Lola is already there. She's wearing a bathrobe, too.

“Hey guys,” she says, “nice place, huh? I could get used to this. Come on into the living room. Anyone want coffee?”

“She makes great coffee,” Jimmy T says.

Lola disappears into what I suppose is the kitchen. Tristan, Akim and I just look at each other for a moment, then we follow Jimmy T into the living room, an enormous space with a sunken floor and a wall of two-storey windows that look out onto the skyscrapers of the business district and Lake Ontario beyond.

“Make yourselves at home, dudes,” Jimmy says. “I'll go help Lola with the coffee.”

He leaves the room, and soon we can hear stifled giggles and dishes rattling.

“You could fit our whole apartment into his elevator, Dak,” Tristan whispers.

Lola and Jimmy T reappear and settle down together in the love seat across from the three of us. Akim struggles to keep from rolling his eyes.

“So, gentlemen,” Jimmy T says, “I suppose you're wondering why I've called you all here today. I have a proposition for you.”

Jimmy T places his hands together like he's about to pray, then touches his index fingers to his chin.

“We have got an excellent rock ‘n' roll band in the making. We are good enough that I propose we get into it full time, start playing as many gigs as possible, record a demo CD, and work toward the ultimate end of landing a recording contract with a major label.”

“Why are you suddenly talking like a banker?” Akim says. “What happened to, ‘Yo! Akim! My Bro!' and all that?”

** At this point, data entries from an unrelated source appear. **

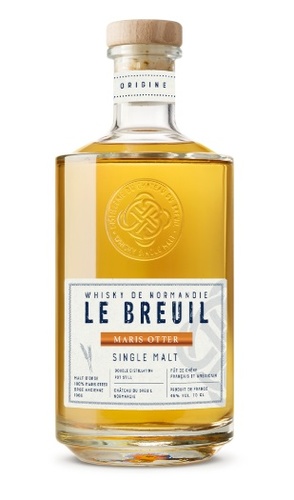 WHISKY NORMANDIE LE BREUIL SINGLE MALT MARIS OTTER 46% 70CL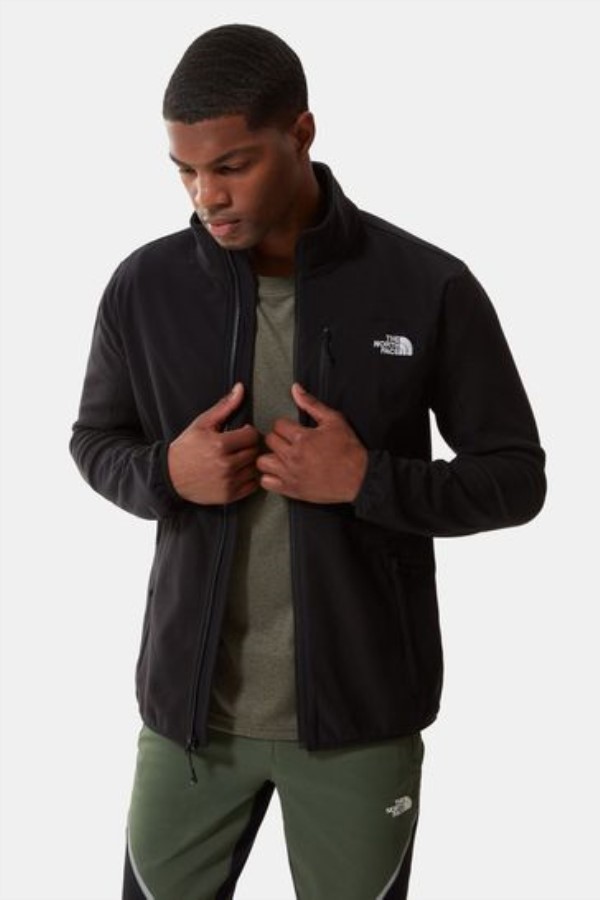 גיזת ה-north Face Glacier Pro עם רוכסן מלא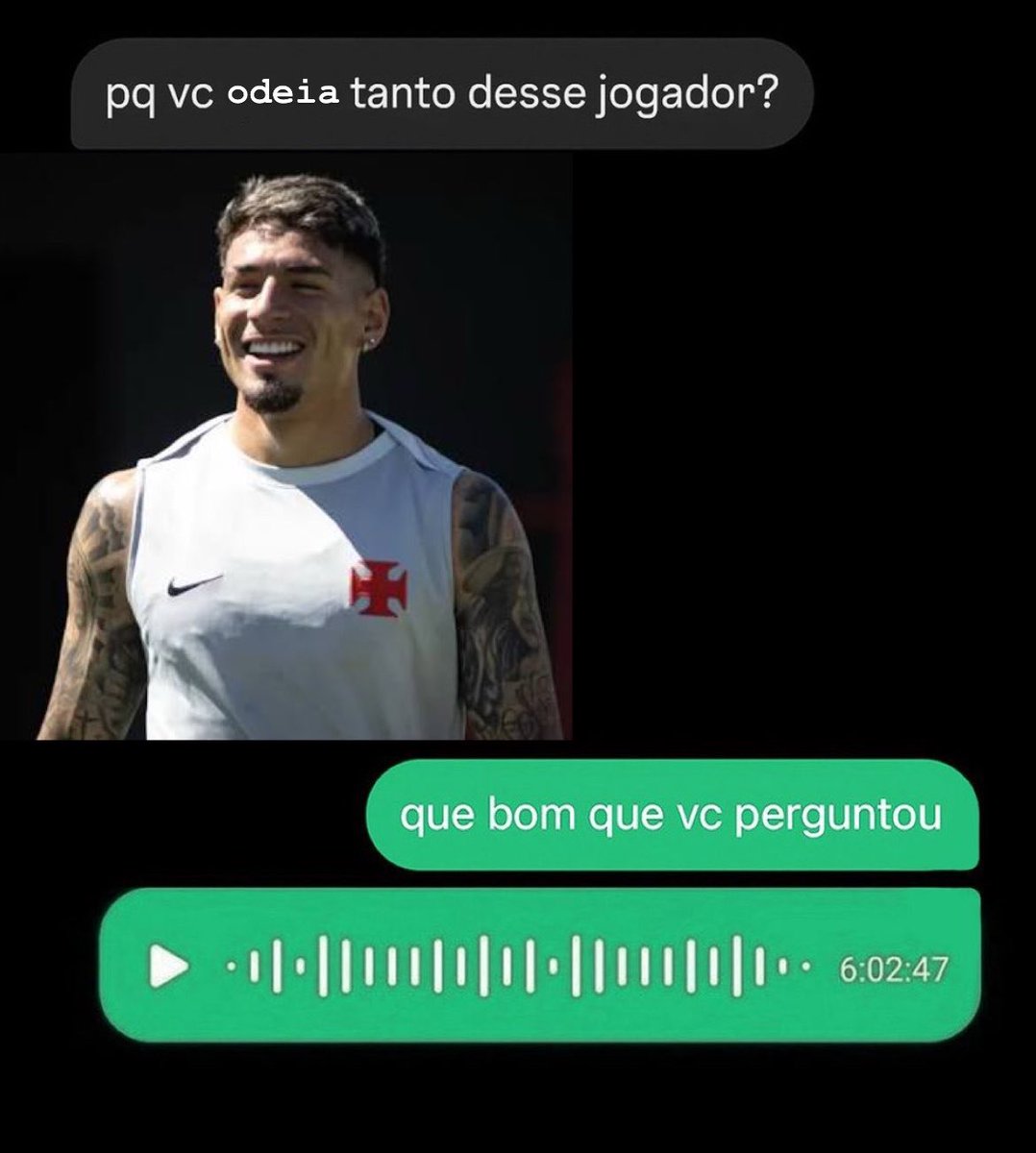 _ViniRocha__'s tweet photo. O doente fez 2 gols contra num intervalo de 7 dias. https://t.co/xUHQnRQoG6
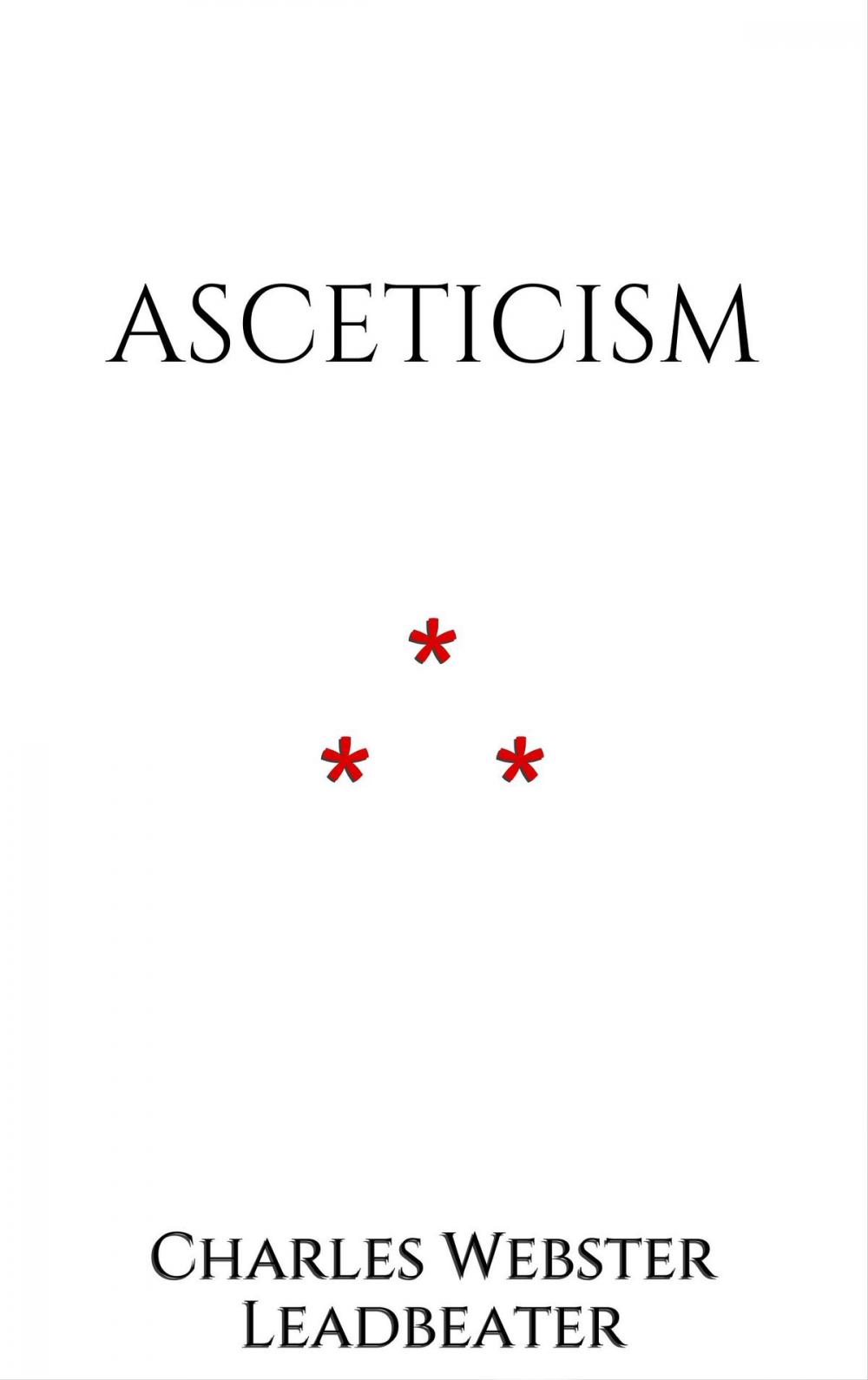 Big bigCover of Asceticism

“Emulating my old man, I guess, “ Jimmy T says. “I heard him negotiate a lot of deals when I was a kid.”

“And exactly what kind of
deal
are you trying to negotiate with
us
, Jimmy T?” Akim says darkly.

“I'm just saying we should go professional,” Jimmy T says. “Devote ourselves to the band for a year; see if we can make the big time.”

“You mean quit school?' I ask.

“Hey, it would only be for a year,” Lola says. “The band is good. We should go for it.”

“You mean you would leave university,” I say, “and let go of all your work with the Women's Issues Commission and the Minority Rights Alliance, just to make noise in bars?”

“Well, not exactly,” she says, shrinking a little. “Jimmy just made very large financial contributions to both organizations, so now would be a bad time for me to give up my presidencies. I'll need to stay on the inside for at least another year, to make sure that Jimmy's money gets put to proper use.”

“But she would come to as many gigs as possible,” Jimmy T interjects, “and she'll certainly do the lead vocals when it comes time to record a CD. Dak and Tristan and I can handle the vocals when Lola isn't available.”

“You?” Tristan, Akim and I chorus.

Jimmy looks hurt. “Hey! I can sing!”

Akim rises from the couch. “Well, you can sing without me. My parents haven't got warehouses full of money like yours. They worked their butts off to send me to university, and I'm not going to throw it all away to help you live out some fantasy to be a rock star,
Jimmy T
.”

Jimmy T also jumps to his feet. “But Akim!” he says, (and I sense that he's doing all he can to resist adding the word ‘bro') “Don't you see? We
can
be rock stars! This band has what it takes! And your guitar playing is the heart and soul of it all!”

He looks each of us in the eyes.

“Tristan, your bass playing is amazing! Dak, your drumming is rock-solid! Lola's got killer pipes! And I've got the connections and business sense to make it all work. Don't you see? We're bigger than the sum of our parts! We're the real thing! We're a friggin'
band
!”

Akim sits back down with a grunt. Jimmy T perches on the edge of the love seat, leaning forward like a castle gargoyle.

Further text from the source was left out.